There was no significant difference in VCF use between for-profit and not-for-profit hospitals, “suggesting that the wide variation in VCF use is not likely explained by exploitation of the fiscal benefits of VCF placement by for-profit private hospitals.” Further, both socioeconomic factors and geographic location did not appear to influence the likelihood that a hospital would use VCFs. The authors wrote that “these findings suggest that an important factor affecting the use of VCFs is the local culture and practice pattern within each hospital. Although we could not gather reliable data regarding the number of interventional radiologists or vascular surgeons who work at each hospital, one possible explanation for the higher frequency of VCF use in larger private hospitals is the availability of specialists who are skilled in inserting these devices.”
In a second study, Shayna Sarosiek and colleagues performed a retrospective review of 952 patients who received a retrievable VCF at Boston Medical Center. Despite VCF placement, 7.8% of the patients had a venous thrombotic event. Although many of the devices were placed “because of a perceived contraindication to anticoagulants,” fully a quarter of the patients were receiving anticoagulant therapy at the time of discharge. Only a small percentage (8.5%) with retrievable VCFs had their filter removed successfully.

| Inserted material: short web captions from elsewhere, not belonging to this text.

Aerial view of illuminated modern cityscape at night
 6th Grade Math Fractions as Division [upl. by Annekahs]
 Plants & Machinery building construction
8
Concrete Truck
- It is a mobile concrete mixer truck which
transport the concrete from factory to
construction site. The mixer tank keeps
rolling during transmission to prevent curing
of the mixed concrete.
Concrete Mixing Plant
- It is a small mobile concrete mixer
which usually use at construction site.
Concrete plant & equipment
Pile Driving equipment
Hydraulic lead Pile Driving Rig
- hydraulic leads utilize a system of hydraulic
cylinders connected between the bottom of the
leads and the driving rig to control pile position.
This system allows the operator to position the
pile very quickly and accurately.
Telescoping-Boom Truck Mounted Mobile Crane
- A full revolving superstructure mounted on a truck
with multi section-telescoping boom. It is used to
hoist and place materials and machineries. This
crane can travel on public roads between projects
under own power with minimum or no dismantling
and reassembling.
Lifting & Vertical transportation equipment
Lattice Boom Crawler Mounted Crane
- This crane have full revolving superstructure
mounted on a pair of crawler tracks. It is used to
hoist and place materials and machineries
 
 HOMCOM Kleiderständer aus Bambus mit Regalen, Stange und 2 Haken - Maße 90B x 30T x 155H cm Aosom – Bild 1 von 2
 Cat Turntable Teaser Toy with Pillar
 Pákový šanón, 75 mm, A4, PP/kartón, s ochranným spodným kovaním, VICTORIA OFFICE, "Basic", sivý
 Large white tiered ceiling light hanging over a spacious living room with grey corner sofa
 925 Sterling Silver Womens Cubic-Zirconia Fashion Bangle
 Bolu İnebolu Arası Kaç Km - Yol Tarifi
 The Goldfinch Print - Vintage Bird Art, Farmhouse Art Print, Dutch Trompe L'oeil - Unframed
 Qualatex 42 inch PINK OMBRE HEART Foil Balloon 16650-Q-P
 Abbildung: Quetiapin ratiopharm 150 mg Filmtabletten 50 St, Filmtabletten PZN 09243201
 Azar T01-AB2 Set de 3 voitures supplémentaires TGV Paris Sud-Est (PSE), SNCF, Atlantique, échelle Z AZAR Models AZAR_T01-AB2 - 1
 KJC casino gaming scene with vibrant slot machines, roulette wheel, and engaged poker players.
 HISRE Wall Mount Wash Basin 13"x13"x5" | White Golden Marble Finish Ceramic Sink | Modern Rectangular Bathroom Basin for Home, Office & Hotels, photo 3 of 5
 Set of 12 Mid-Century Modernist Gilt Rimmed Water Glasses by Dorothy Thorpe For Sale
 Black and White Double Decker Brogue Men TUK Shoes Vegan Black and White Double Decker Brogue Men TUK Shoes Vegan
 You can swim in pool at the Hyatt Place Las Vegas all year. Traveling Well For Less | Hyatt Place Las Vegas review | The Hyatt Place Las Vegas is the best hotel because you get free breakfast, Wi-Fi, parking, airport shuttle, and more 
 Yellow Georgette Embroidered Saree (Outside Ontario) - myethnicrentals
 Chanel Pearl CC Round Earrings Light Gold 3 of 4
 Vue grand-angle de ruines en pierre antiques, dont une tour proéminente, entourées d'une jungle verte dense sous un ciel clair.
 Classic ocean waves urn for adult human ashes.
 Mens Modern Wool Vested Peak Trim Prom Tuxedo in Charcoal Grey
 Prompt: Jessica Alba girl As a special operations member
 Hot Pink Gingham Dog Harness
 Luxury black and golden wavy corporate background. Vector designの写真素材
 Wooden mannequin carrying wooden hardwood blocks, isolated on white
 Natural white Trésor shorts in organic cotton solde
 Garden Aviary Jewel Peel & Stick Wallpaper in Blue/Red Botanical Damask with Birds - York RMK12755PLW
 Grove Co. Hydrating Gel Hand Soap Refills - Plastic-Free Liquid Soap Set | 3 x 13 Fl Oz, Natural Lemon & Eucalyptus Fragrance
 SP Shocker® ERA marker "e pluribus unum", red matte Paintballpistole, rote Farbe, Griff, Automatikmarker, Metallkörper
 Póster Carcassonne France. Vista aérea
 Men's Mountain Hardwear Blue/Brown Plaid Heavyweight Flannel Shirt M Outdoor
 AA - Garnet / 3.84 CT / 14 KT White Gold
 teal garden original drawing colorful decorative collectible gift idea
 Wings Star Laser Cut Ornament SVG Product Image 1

In their editorial, Vinay Prasad, Jason Rho, and Adam Cifu observe that despite their “poor evidence base” VCF filters have never been rigorously reviewed by the FDA, because the first devices were developed prior to the premarket approval process and all subsequent devices have gained approval based on the far less burdensome 510(k) process. Despite the need for randomized controlled trials of VCFs, “there is little incentive for manufacturers of filters to embark on trials that can only eliminate their products’ market share. Therefore, we need either the FDA to require current filter manufacturers to perform efficacy studies of their devices as a condition for remaining on the market or a large federally funded study to determine if this expensive device leads to greater benefit than harm. Until then, clinicians and patients face difficult choices. Follow current standard of care and place filters where guidelines advise, or do not place filters, after informed consent informs patients that there is evidence of harm without evidence of benefit.”
It is amazing how comfortable people get with therapies and approaches
that have no scientific basis. This is guild behavior not professional
behavior. We used to bleed people, stick leeches on them – all to
“do something” for our own comfort zones. The biggest failing
of medicine as a trade and not as a profession is refusing to believe
that a disruption in our “ways of doing things” is actually good for
our patients. Studies upon studies have shown unprofessional resistance
to the facts.
There needs to be a course in our trade schoolsm that is our medical schools,on the difference between professionals and tradesman.